Ich huschte so schnell wie möglich durch die menschenleeren Straßen — man könnte meinen, um bildlich vor den giftigen Worten meiner Mutter davon zu rennen.

Meine gedämpfte Stimmung löste sich in Nichts auf, als ich das fröhliche Zwitschern junger Vögel hörte. Es kam von einem der alten Bäume, die auf dem schlecht besuchten Spielplatz ihr Leben verbrachten.

Die saftig grünen Blätter wogen sich in der warmen Sommerbrise, als würden sie tanzen.
An einer Stelle schienen sie zurück gedrängt, sodass man einen Blick auf die Äste und den kräftigen Stamm des Baumes erhaschen konnte — von dort ertönte der Vogelgesang.

Die Kleinen saßen ungeduldig mit den Flügeln schlagend in ihrem Nest und warteten darauf von ihren Eltern gefüttert zu werden.
Es tut gut, neues Leben zu sehen.

Gedankenverloren lief ich weiter bis zu einer kleinen, heruntergekommenen Wohnung. Noch einmal tief einatmend, dann hob ich meine Hand und formte sie zu einer Faust. Doch bevor meine Finger das glatte Holz berührten und ich anklopfen konnte, wurde die Tür mit Schwung aufgerissen.

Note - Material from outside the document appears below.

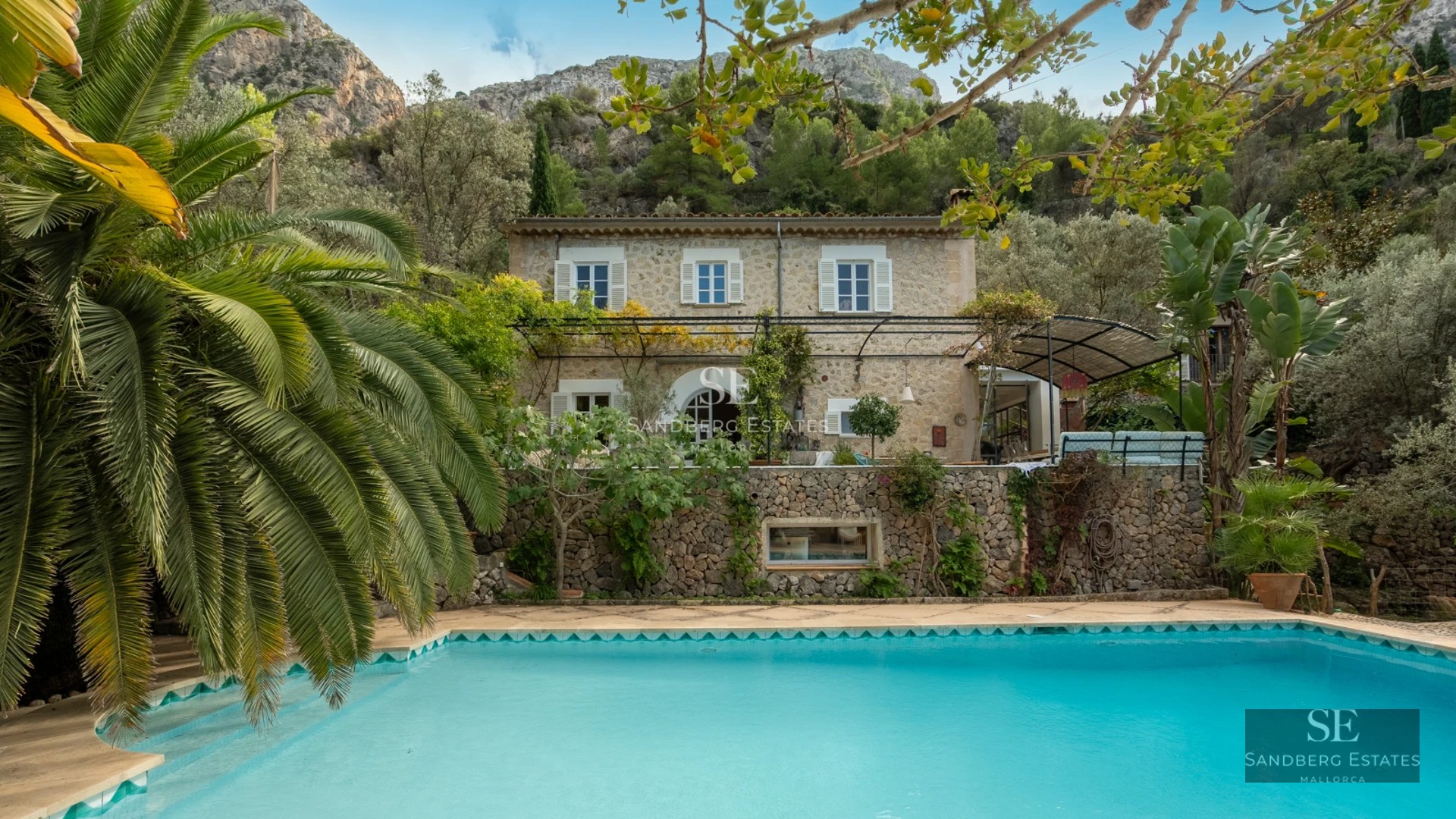 Bright living room with balcony and sea view. Modern interior with light wood floors and elegant furniture.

Das betrübte Gesicht eines hoch gewachsenen Mannes mittleren Alters tauchte vor mir auf.
Sev's Dad.

Er bemerkte mich erst viel zu spät, sodass ich einen Schritt zurück weichen musste, um nicht von ihm umgerannt zu werden.

„Oh, hallo Ally", nuschelte er geistesabwesend und fügte noch ein „tschuldigung, hab dich nicht gesehen" hinzu, bevor er fluchtartig an mir vorbei stolperte.

Warum hat er es so eilig?
Als Antwort drang vom Inneren der Wohnung ein verärgertes, aufgebrachtes Geschrei zu uns. Er zögerte für einen Herzschlag, entschied sich dann aber doch dafür, schnell das Weite zu suchen.
Sie streiten schon wieder...

Plötzlich sank mein Bedürfnis das Haus zu betreten unter den Meeresspiegel.
„Warten Sie!", rief ich ihm hinterher, als ich meine Chance witterte.
Er hielt inne und musterte mich. „Ja?"
„Wissen Sie, ob Sev da ist?"

„Eigentlich dachte ich, dass er bei dir ist. Zumindest hat er behauptet, sich mit jemandem auf dem Spielplatz zu treffen."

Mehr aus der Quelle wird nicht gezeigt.